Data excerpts
━━━━━━━━━━━━━━━━━━━━━━━━━━━━━━

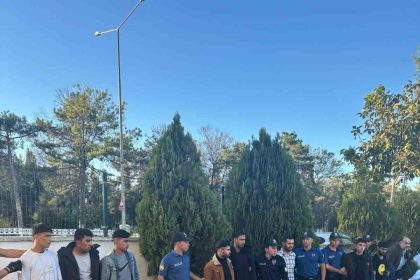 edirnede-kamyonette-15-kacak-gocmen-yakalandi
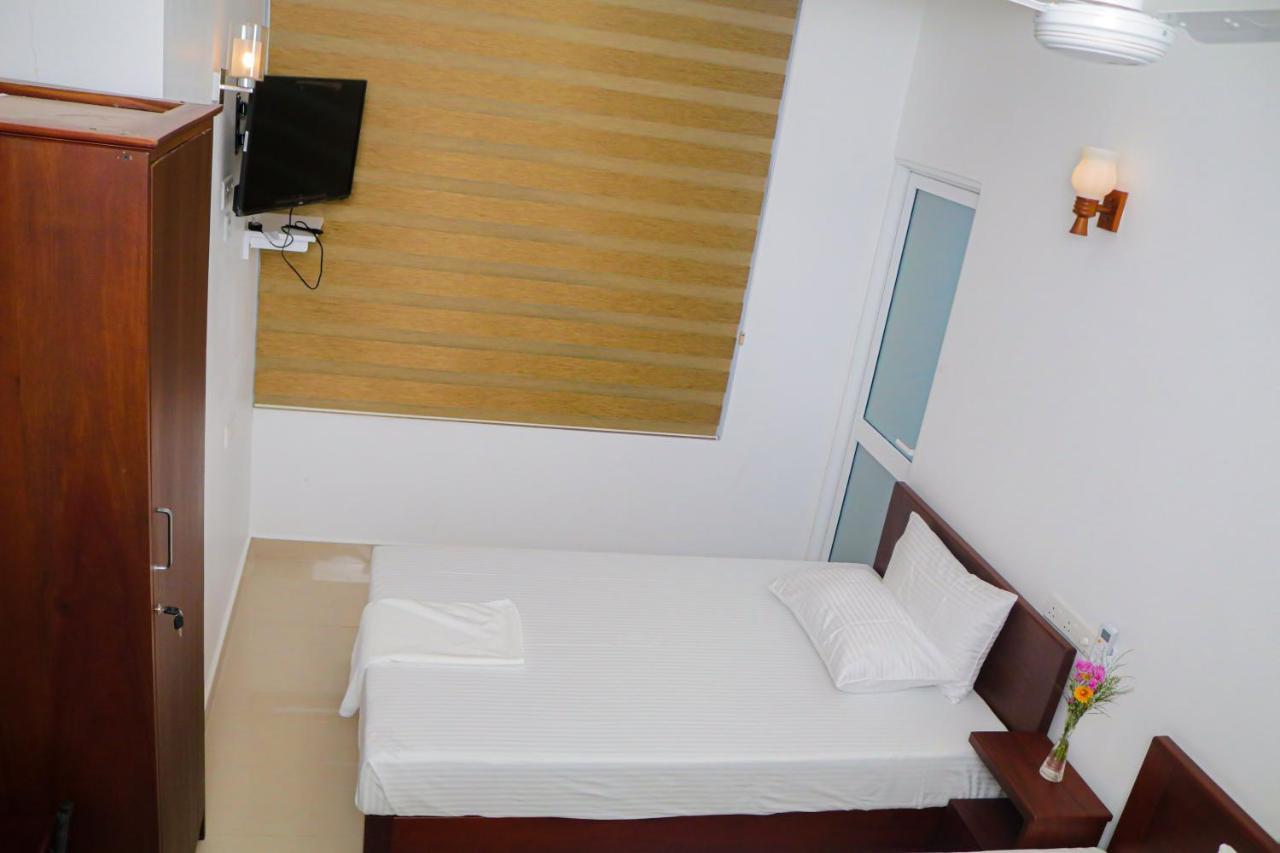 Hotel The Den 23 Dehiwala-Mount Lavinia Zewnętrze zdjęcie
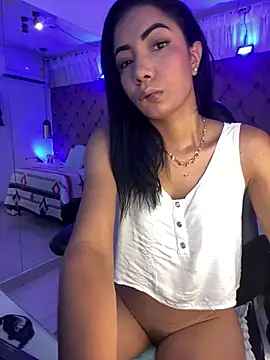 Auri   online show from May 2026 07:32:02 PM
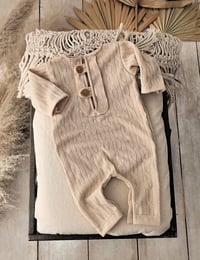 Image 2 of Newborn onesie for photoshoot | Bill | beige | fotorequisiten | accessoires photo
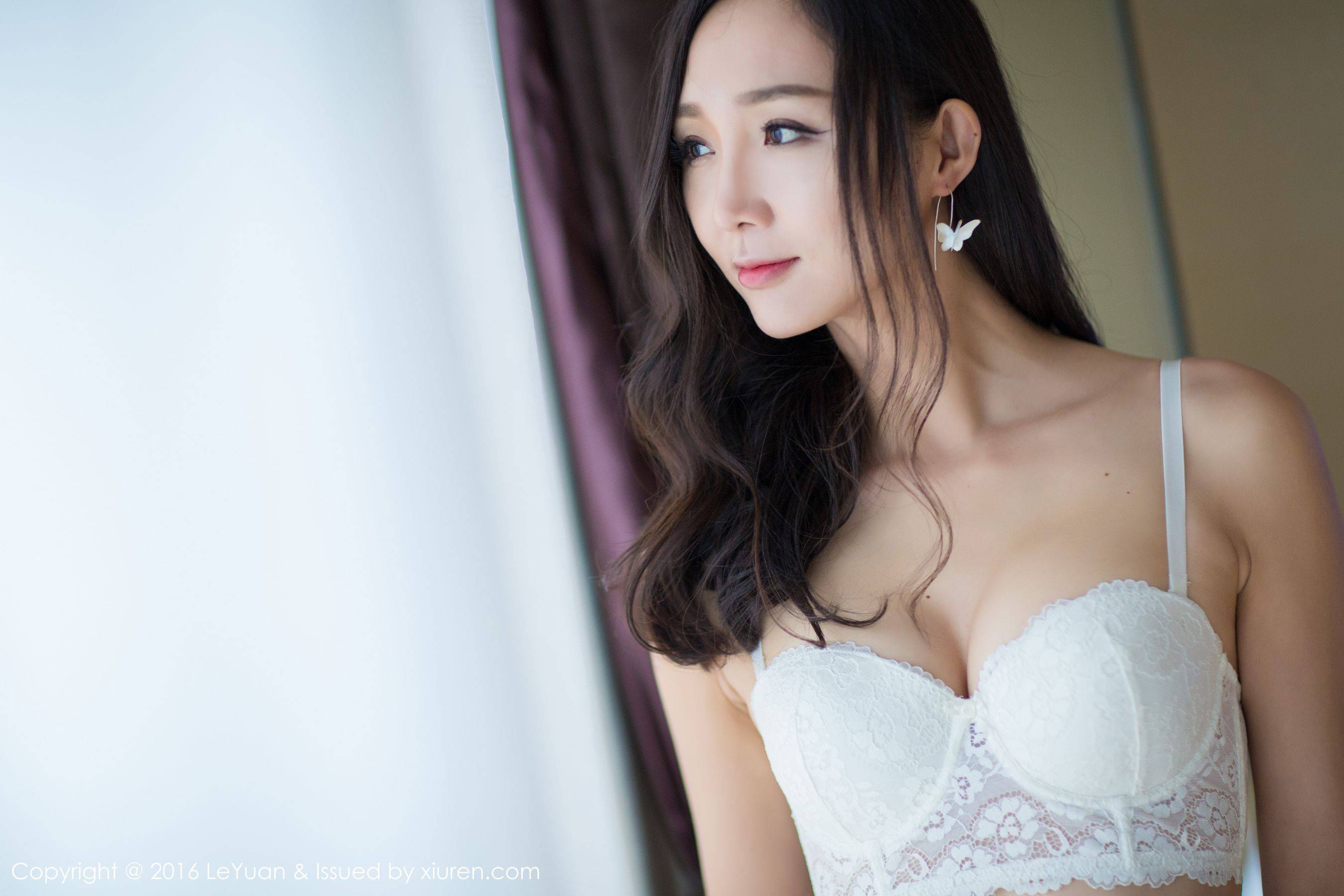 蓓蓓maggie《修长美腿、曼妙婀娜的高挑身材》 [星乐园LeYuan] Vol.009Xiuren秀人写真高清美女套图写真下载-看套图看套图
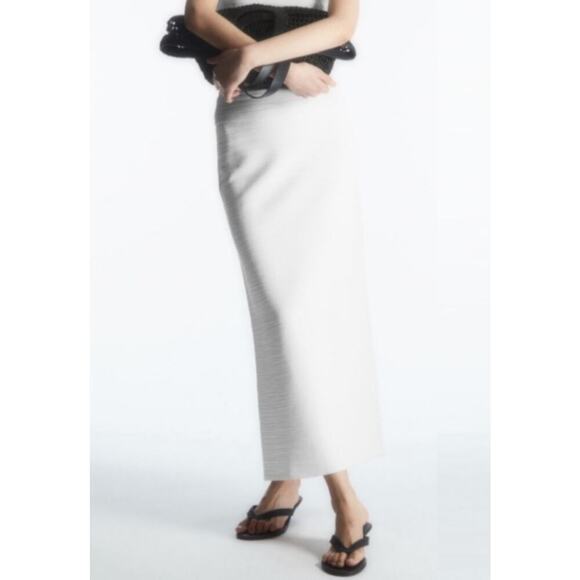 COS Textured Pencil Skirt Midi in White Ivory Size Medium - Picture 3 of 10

━━━━━━━━━━━━━━━━━━━━━━━━━━━━━━

**Directions:**
All of the lines above must be printed again exactly, and no picture may appear in the copy.

**Your solution:**
 edirnede-kamyonette-15-kacak-gocmen-yakalandi
 Hotel The Den 23 Dehiwala-Mount Lavinia Zewnętrze zdjęcie
 Auri   online show from May 2026 07:32:02 PM
 Image 2 of Newborn onesie for photoshoot | Bill | beige | fotorequisiten | accessoires photo
 蓓蓓maggie《修长美腿、曼妙婀娜的高挑身材》 [星乐园LeYuan] Vol.009Xiuren秀人写真高清美女套图写真下载-看套图看套图
 COS Textured Pencil Skirt Midi in White Ivory Size Medium - Picture 3 of 10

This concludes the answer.